- [Task to complete] Every line below is to be set down again exactly; any image stays out.

- [Extracted records]
== Segment start ==

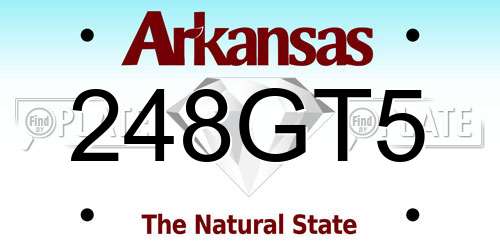 248GT5 Arkansas License Plate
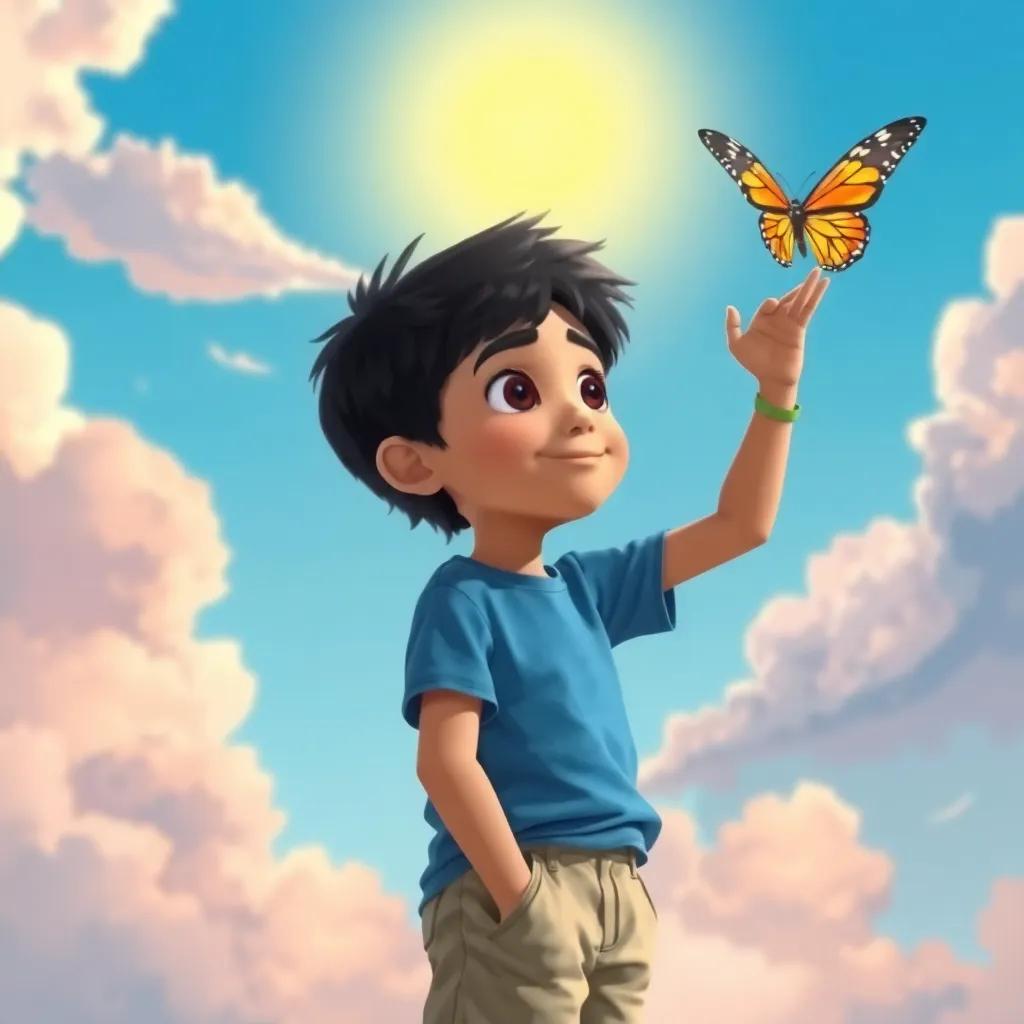 Ali, a young boy with short black hair, wearing a blue t-shirt and beige shorts, daydreaming about flying like the butterfly, imaginative scene with clouds and sunshine, colorful background, reflecting on lessons learned, high quality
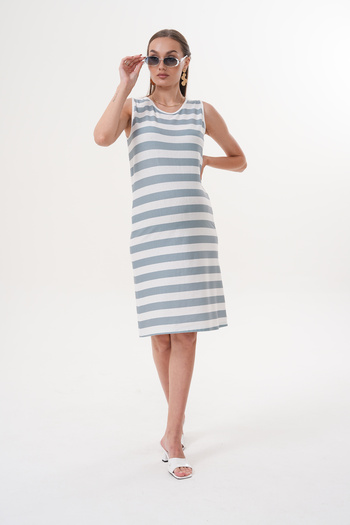 Miss Dünya Lissa Sleeveless Round Neck Fittle Camisole Striped Midi Maternity and Maternity Dress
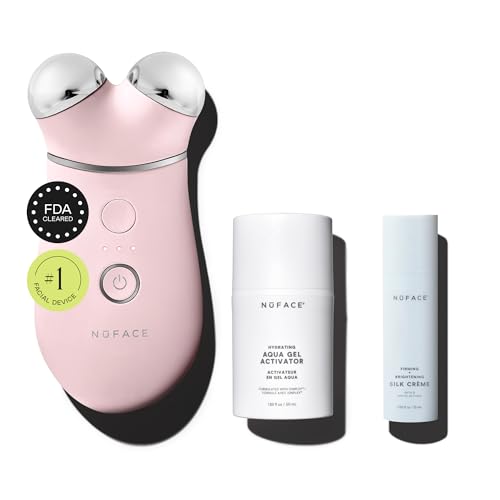 NUFACE Trinity+ Microcurrent Facial Device Kit, FDA-Cleared - Face Sculpting Tool, Skin Tightening Massager & Face Lift Device, Supports Lymphatic Drainage, 3 Frequencies, Activator Gel, Sandy Rose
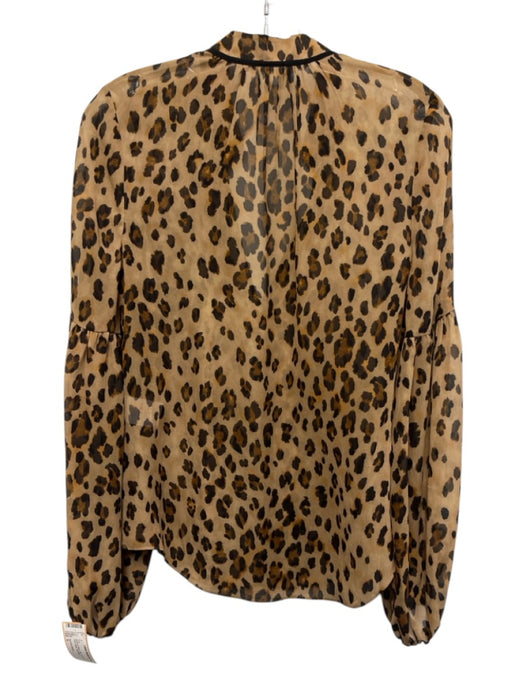 Veronica Beard Size 6 Brown & Black Silk Long Sleeve Animal Print Sheer Top Brown & Black / 6
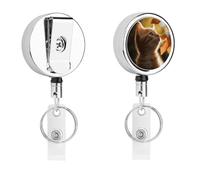 Porta badge retrattile con clip a coccodrillo, clip per badge identificativo, gatto sotto le foglie, porta badge identificativo con nome, badge, targhetta, porta carte d'identità, per lavoro, ufficio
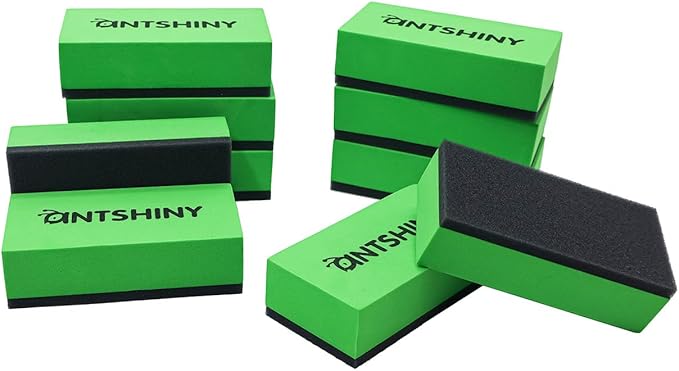Ceramic Coating Applicator Sponges Block,Car Detailing Coat applicator Sponge Pads Kit,(10, Green)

== Segment end ==

- [Task output]
 248GT5 Arkansas License Plate
 Ali, a young boy with short black hair, wearing a blue t-shirt and beige shorts, daydreaming about flying like the butterfly, imaginative scene with clouds and sunshine, colorful background, reflecting on lessons learned, high quality
 Miss Dünya Lissa Sleeveless Round Neck Fittle Camisole Striped Midi Maternity and Maternity Dress
 NUFACE Trinity+ Microcurrent Facial Device Kit, FDA-Cleared - Face Sculpting Tool, Skin Tightening Massager & Face Lift Device, Supports Lymphatic Drainage, 3 Frequencies, Activator Gel, Sandy Rose
 Veronica Beard Size 6 Brown & Black Silk Long Sleeve Animal Print Sheer Top Brown & Black / 6
 Porta badge retrattile con clip a coccodrillo, clip per badge identificativo, gatto sotto le foglie, porta badge identificativo con nome, badge, targhetta, porta carte d'identità, per lavoro, ufficio
Ceramic Coating Applicator Sponges Block,Car Detailing Coat applicator Sponge Pads Kit,(10, Green)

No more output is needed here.